O lugar que moro parece grande demais.

Coloquei, no jornal dos domingos (pessoas interessantes leem jornal aos domingos), um anúncio procurando alguém para dividi-la.

Me empolguei ao receber o primeiro visitante. Troquei as cortinas, assei biscoitos e fiz café.

Ele tinha um olhar niilista mas via significado em tudo.

Me senti em casa pela primeira vez, e os cômodos antes silenciosos se encheram com o som da sua voz e o barulho dos seus sapatos.

Mas ele não havia trazido o futuro. Em suas bagagens, havia apenas o passado e o presente.

Ele se foi tão rápido que mal pude terminar o retrato que comecei a pintar.

Me despedi ao som de um samba antigo e dancei sozinha preenchendo os cômodos novamente vazios.

Senti sua falta apesar da breve visita, mas me animei quando um novo chegou.

Contudo, reparei que ele também não havia trazido o futuro…

“Às vezes o passado é pesado demais” — ele me disse, um sorriso amarelo, ao perceber meu olhar oblíquo para suas bagagens.

Dei um sorriso triste.

No seu passaporte, haviam muitos carimbos; na sua mala, poucos presentes; nos seus pés, a ânsia de ir embora.

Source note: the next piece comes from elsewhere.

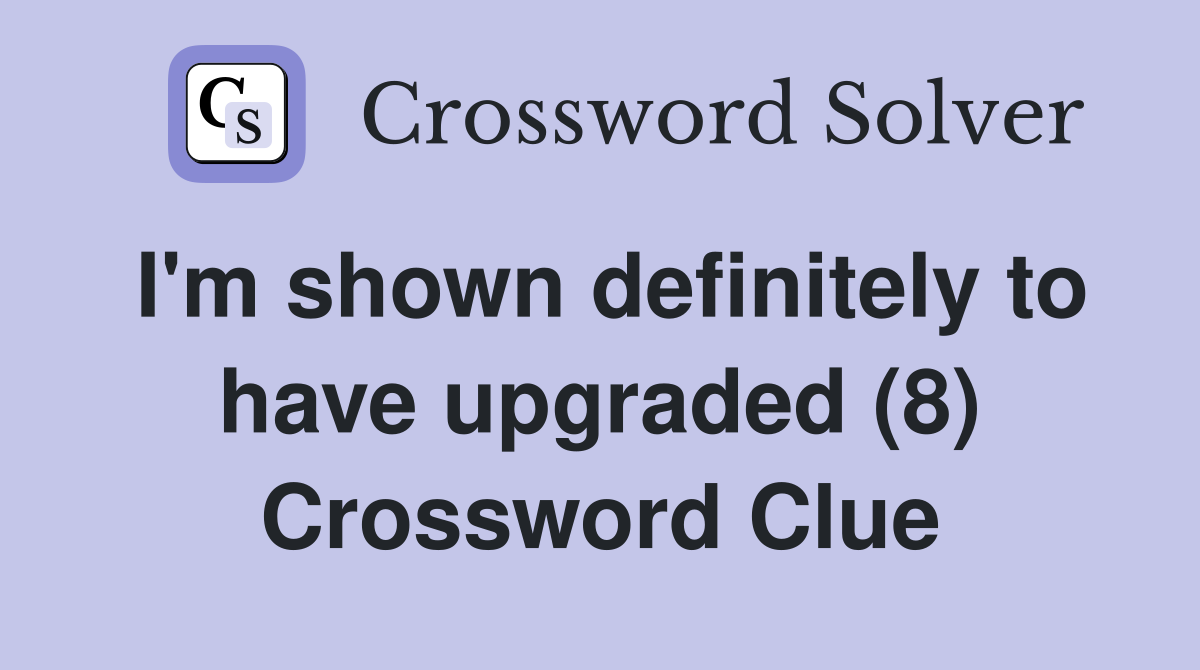 I'm shown definitely to have upgraded (8) Crossword Clue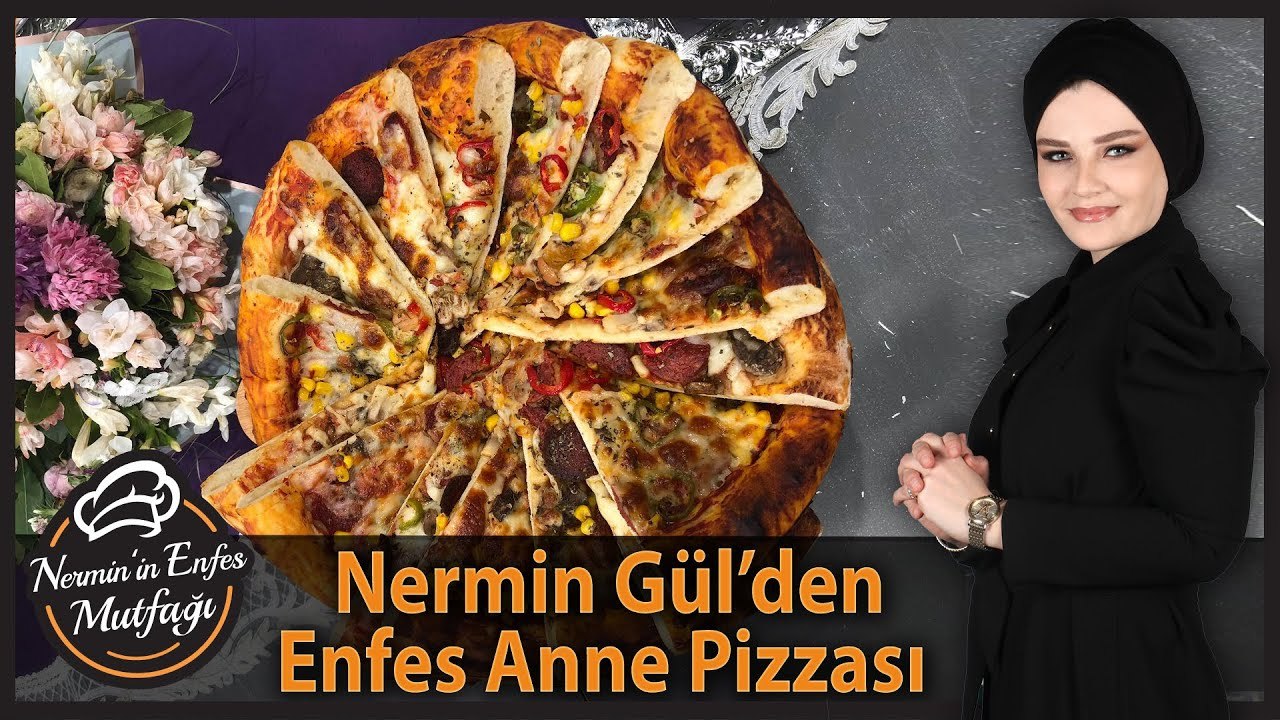 Nermin Gül'den Enfes Anne Pizzası Yapımı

Aproveitei ao máximo tentando não pensar nisso.

E permiti outros visitantes, pensando que talvez algum deles pudesse gostar tanto da vista e dos papéis de parede e dos discos que resolveria buscar o futuro.

Mas não houve.

Talvez se assustassem com alguns buracos nos rodapés, ou o som alto da minha risada seguida de um longo silêncio.

Talvez o café fosse doce demais, ou não entrasse luz suficiente.

Uns foram breves quando uma canção dos Beatles, outros longos como um filme de Nolan…

Mas todos se foram.

Percebi, sozinha encarando os grãos de poeira dançando ao sol, o quanto havia para se reformar. O papel de parede já se descascava, havia poeira e objetos esquecidos por todo lugar.

E então você apareceu.

Meio sem graça, sorriu meio torto, falou da impaciência, citou meu poeta favorito e comentou sobre o cheiro de biscoitos recém assados. Ri do seu jeito, me identificando com o traço de tristeza em seus olhos e o cansaço em seus ombros.

Queria lhe dar um lugar para descansar.

Mas como, se eu mesma não descansei?

Com toda a bagunça para ajeitar?

Vi em suas mãos que não havia trazido o futuro.

Meu olhar cansado encarou o seu e não consegui impedir um leve desaguar dos rios dentro de mim.

“Me desculpe, não há vagas.”

Fechei a porta, certa de que me mudaria para um lugar menor.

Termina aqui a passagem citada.